The LER and the associated PER 85316 were reviewed by the inspectors. The inadvertent entry into TS 3.0.3 did not involve a significant performance deficiency on the part of the licensee. The DC subsystem was returned to service within the time allowed by TS 3.03. No findings of significance or violations of NRC requirements were identified. This LER is closed.

.3 (Closed) LER 05000296/2005-002-00, Reactor Scram From Main Turbine Trip On Low

Condenser Vacuum On September 17, 2005, Unit 3 experienced an automatic reactor scram from 74%

power due to a loss of main condenser vacuum that occurred during maintenance to repair a steam leak from the 3B1 moisture separator level control valve (2-LCV-006-0073A). It was during this maintenance activity that an air in-leakage pathway to the main condenser was created which could not be readily isolated causing a loss of vacuum. Upon notification of the Unit 3 scram, the inspectors promptly responded to the MCR and conducted a detailed event followup inspection as documented in IR 05000296/2005-04. This LER and the associated PER 89506 were reviewed by the inspectors.

There were two principal causes that led to the scram of Unit 3. The first cause was the unexpected failure of the level control valve stem discovered during the removal of the leaking valve bottom flange. This stem failure prevented the mechanics from installing a blank flange that had been purposefully pre-staged to seal off the anticipated air in-leakage. The stem failure also precluded reinstallation of the original valve bottom flange. As such, the mechanics were unable to isolate the air in-leakage pathway as planned. However, the licensee had recognized and put in place contingency actions to control and mitigate degraded condenser vacuum conditions during the work activity.

But, as part of the second contributing cause, the licensee did not realize that the elevation differences between the indicating and turbine trip sensing line taps would provide an erroneously conservative indication of condenser vacuum as compared to the trip setpoint under these conditions. Because of this indicating error, operators had a false sense that they were adequately monitoring and controlling condenser vacuum.

Based on the nature of these causes, the inspectors have concluded that neither of them involved a significant performance deficiency on the part of the licensee. No findings of significance were identified and no violation of NRC requirements occurred.

This LER is closed.

.4 (Closed) LER 05000296/2005-003-00, Reactor Scram from Main Turbine Trip During

Switching Operation

a. Inspection Scope

On October 31, 2005, while Unit 3 was in steady state operation at 100% power, a main turbine trip and resultant reactor scram occurred.
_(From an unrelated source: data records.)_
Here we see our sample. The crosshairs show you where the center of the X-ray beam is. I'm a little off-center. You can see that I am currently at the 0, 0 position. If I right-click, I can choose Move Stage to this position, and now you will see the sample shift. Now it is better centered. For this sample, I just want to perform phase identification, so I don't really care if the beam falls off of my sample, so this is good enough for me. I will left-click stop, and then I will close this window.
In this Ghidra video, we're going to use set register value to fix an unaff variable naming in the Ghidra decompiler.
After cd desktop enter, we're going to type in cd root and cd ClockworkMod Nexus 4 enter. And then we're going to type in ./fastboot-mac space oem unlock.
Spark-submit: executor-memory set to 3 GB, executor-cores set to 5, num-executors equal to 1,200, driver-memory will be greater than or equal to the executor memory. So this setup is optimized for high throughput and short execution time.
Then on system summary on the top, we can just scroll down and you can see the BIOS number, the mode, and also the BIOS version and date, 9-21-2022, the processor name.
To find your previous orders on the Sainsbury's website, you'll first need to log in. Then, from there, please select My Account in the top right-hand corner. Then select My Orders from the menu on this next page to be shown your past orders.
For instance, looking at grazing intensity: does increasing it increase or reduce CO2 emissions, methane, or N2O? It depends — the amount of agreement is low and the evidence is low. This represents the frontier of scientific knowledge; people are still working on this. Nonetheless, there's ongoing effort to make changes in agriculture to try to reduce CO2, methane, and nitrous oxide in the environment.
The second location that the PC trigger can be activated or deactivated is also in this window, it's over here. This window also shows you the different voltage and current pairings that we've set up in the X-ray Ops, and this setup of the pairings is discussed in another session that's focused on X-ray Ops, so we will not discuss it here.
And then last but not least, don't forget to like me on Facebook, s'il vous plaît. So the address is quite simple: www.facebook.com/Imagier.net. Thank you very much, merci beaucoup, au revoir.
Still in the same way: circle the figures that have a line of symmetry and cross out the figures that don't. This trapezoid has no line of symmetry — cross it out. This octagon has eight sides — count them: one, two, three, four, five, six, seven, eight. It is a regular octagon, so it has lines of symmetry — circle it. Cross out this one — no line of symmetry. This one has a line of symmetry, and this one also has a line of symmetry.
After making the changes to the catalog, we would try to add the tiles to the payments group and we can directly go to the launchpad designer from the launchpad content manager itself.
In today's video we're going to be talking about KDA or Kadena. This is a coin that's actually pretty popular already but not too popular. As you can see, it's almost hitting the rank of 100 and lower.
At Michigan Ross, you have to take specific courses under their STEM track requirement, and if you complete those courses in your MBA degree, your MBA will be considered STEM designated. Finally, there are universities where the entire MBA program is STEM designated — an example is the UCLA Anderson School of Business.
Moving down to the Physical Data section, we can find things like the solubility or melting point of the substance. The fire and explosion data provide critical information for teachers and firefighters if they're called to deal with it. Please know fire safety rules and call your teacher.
At the time, operators were in the process of returning the 500-kV switchyard Bus-2, Section 2 to service using a switching order. When the Power Circuit Breaker (PCB) to the 500-kV Trinity 2 transmission line was closed, the PCB immediately tripped back open. The post-scram investigation subsequently determined that this was due to a closed ground switch at an offsite substation on this transmission line. The PCB properly tripped open to clear the Trinity 2 ground fault; however, the resultant electrical power transient caused speed perturbations on the Unit 3 main turbine. The rate of speed change seen on the turbine was slightly greater than the maximum rate anticipated by the turbine control system logic which then automatically designated the turbine speed feedback signals as invalid.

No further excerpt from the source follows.